Based off the classic and highly influential novel “A Princess of Mars” by Edgar Rice Burroughs (writer of the original Tarzan) this story tells of John Carter, a Civil War veteran who is transported out from battling Apache Native Americans to the surface of Mars. Once there he finds another civil war raging, involving two factions of human-like beings, a tribal race of quadruple-armed aliens, and mysterious demigods who influence these people’s futures.
He finds he is naturally gifted with near super human strength due to Mars’ lesser gravity and his stronger muscles, allowing him to leap tremendous distances. Carter befriends the 12-foot tall tribal Thark aliens and must quickly defend a princess and her honour to save the inhabitants from a tyrant.
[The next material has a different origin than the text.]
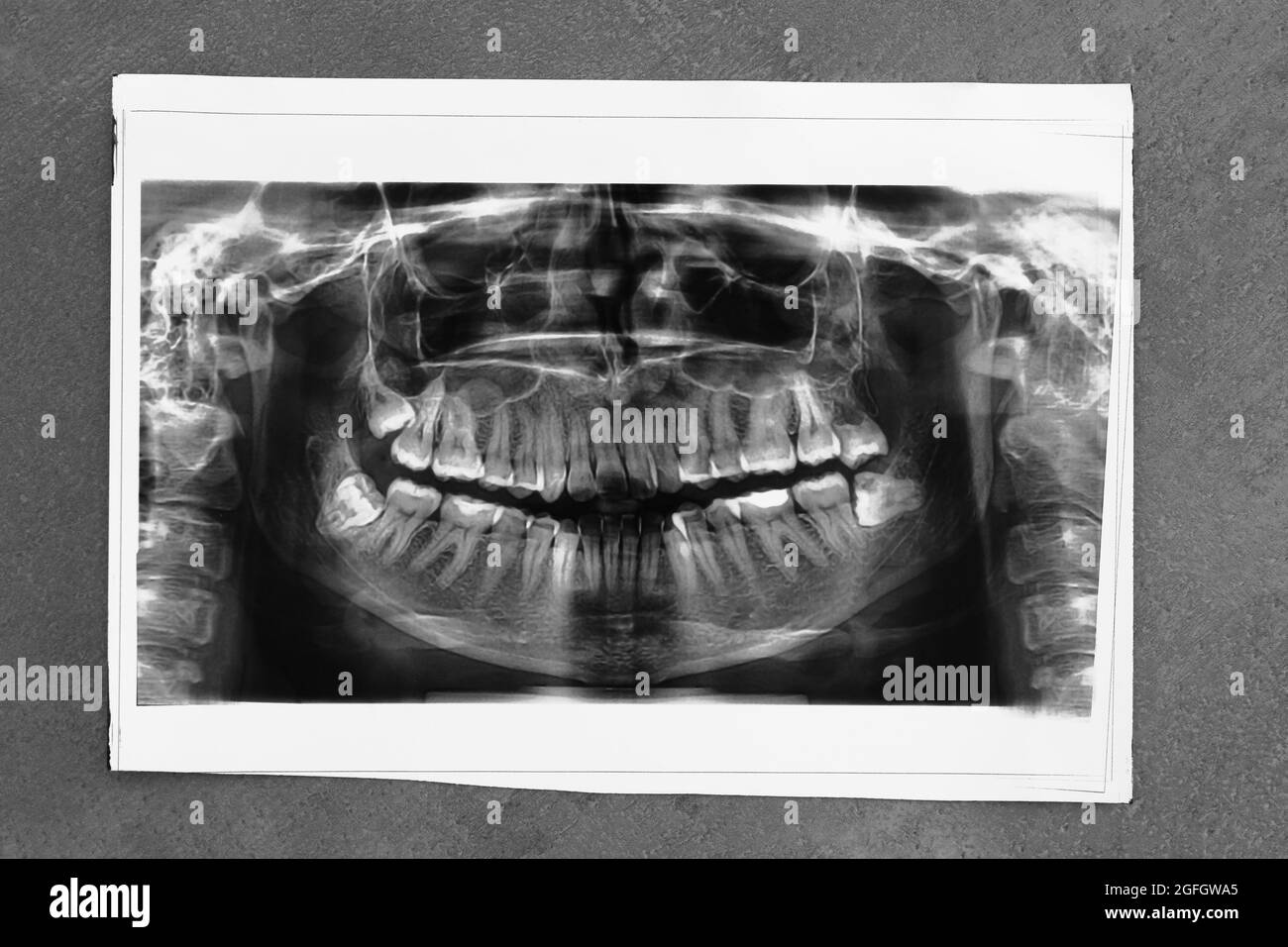 Panoramic dental XRay Stock Photo Alamy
This film is loaded with extraordinary, exotic and otherworldly visuals, and is certainly a unique specimen in science fiction, and one can argue that the story would not have been possible to interpret before the advent of computer generated graphics. Part of me winces at the “Star Wars Prequels” level of CG being used… but then… this isn’t Star Wars, there’s no history to unsettle. That, and John Carter is genuinely a fun film to watch, and is surprisingly violent! Pretty sure I caught a few arms and heads being sliced clean off!
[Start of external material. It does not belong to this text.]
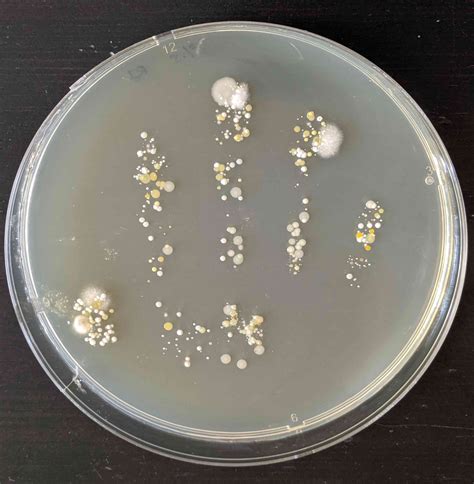 How To See Bacteria On Your Hand Bacteria Handprint Rs Science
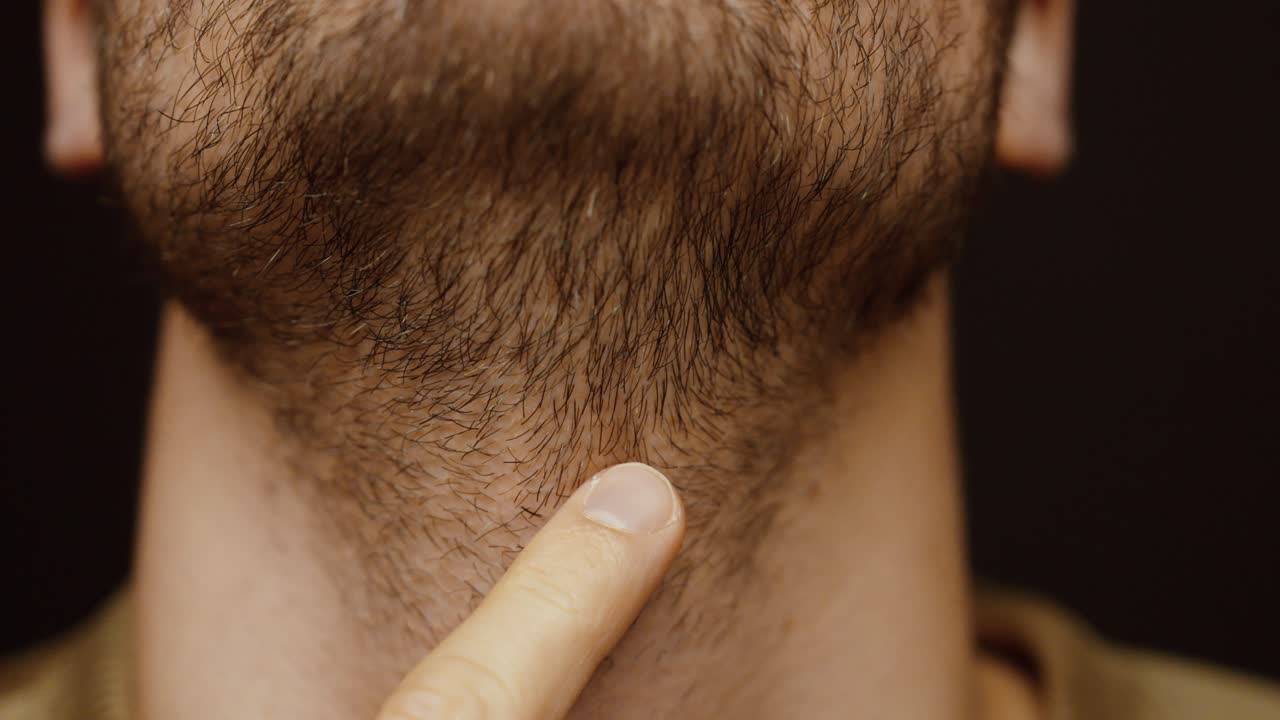 Close-up of a man’s unshaved beard and neck without clean contours. Concept of grooming, personal care, beard growth, masculinity, and everyday appearance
I grew to like the Tharks through their strange relationship upon finding Carter; there’s a montage of how they initially treat him (like one of their infants) which is pretty hilarious. The film’s sense of humour is incredibly important and saves it from becoming a slog of meaningless jargon. The CG animation of the Tharks themselves is well done, good enough to feel some emotional connection with them.
We even have a strong female character, Princess Dejah is not only introduced to us as an inventor, but can also hold her own in a fight when she has to. Of course there’s no shortage of Carter leaping through the air to save her either.
It is a rapid film; it barely stops for breath as it batters through all the lore and social structures that revolve around Mars, the action sequences are plenty, and we have to explain who Carter is, where he came from and where his loyalties lie: back on Earth, or on Mars? All of this leaves little room for villains, who are nondescript antagonists used to push the plot forward.
It is instantly recommended to anyone who is a fan of action sci-fi, while I would like to suggest it to all others. The film was poorly advertised and was let down by poor PR; the film bombed despite it being as entertaining as other Disney live-action adventures. It is sad to think there will likely be no continuation.
Additional Marshmallows: Effectively this film has one of the longest times in development, roughly 79 years, going through multiple titles and iterations, directors and casting choices.
Will Disney use this much CG effects with the new Star Wars trilogy? Most likely. But hopefully like John Carter they can give a fuller script and story to the proceedings.